DATA SHOWN:
- - - - - - -

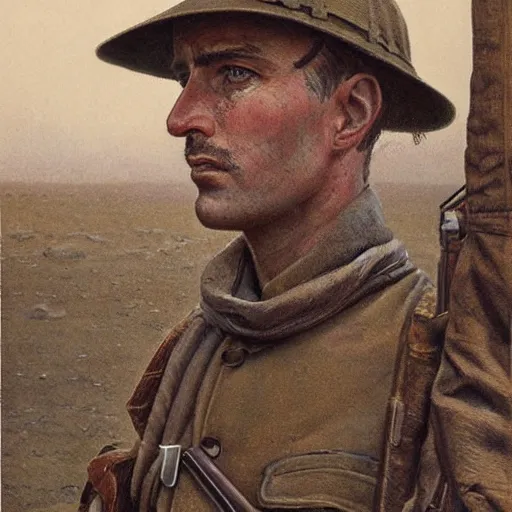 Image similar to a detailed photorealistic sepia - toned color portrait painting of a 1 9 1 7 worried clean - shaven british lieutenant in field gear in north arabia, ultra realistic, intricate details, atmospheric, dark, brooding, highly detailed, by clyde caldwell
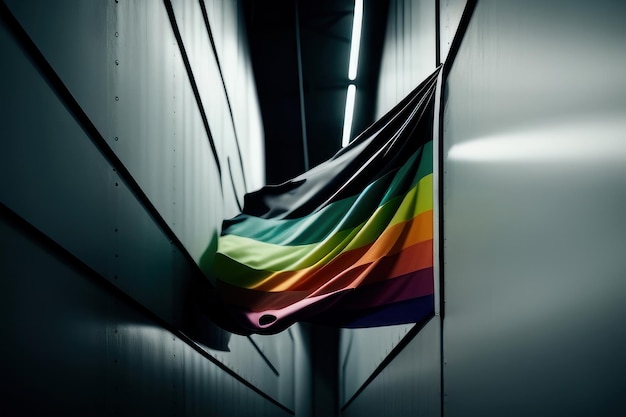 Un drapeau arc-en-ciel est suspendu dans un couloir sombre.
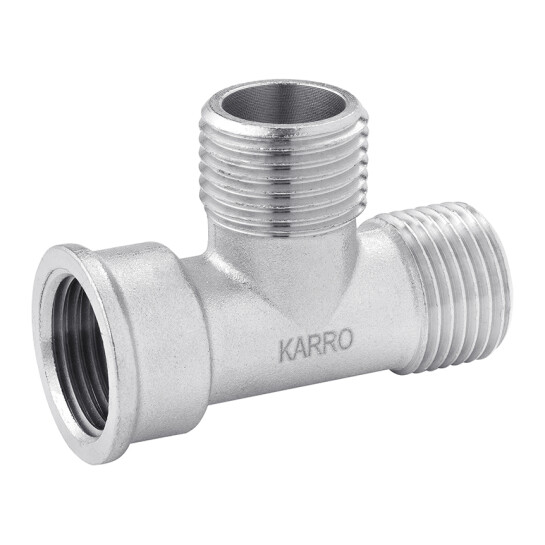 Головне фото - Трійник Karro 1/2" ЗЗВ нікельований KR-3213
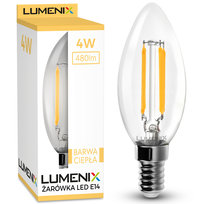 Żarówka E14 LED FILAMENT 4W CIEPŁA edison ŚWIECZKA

- - - - - - -

TRY IT: The material above should be printed again exactly, with each picture left out.

ANSWER TO THE EXERCISE:
 Image similar to a detailed photorealistic sepia - toned color portrait painting of a 1 9 1 7 worried clean - shaven british lieutenant in field gear in north arabia, ultra realistic, intricate details, atmospheric, dark, brooding, highly detailed, by clyde caldwell
 Un drapeau arc-en-ciel est suspendu dans un couloir sombre.
 Головне фото - Трійник Karro 1/2" ЗЗВ нікельований KR-3213
 Żarówka E14 LED FILAMENT 4W CIEPŁA edison ŚWIECZKA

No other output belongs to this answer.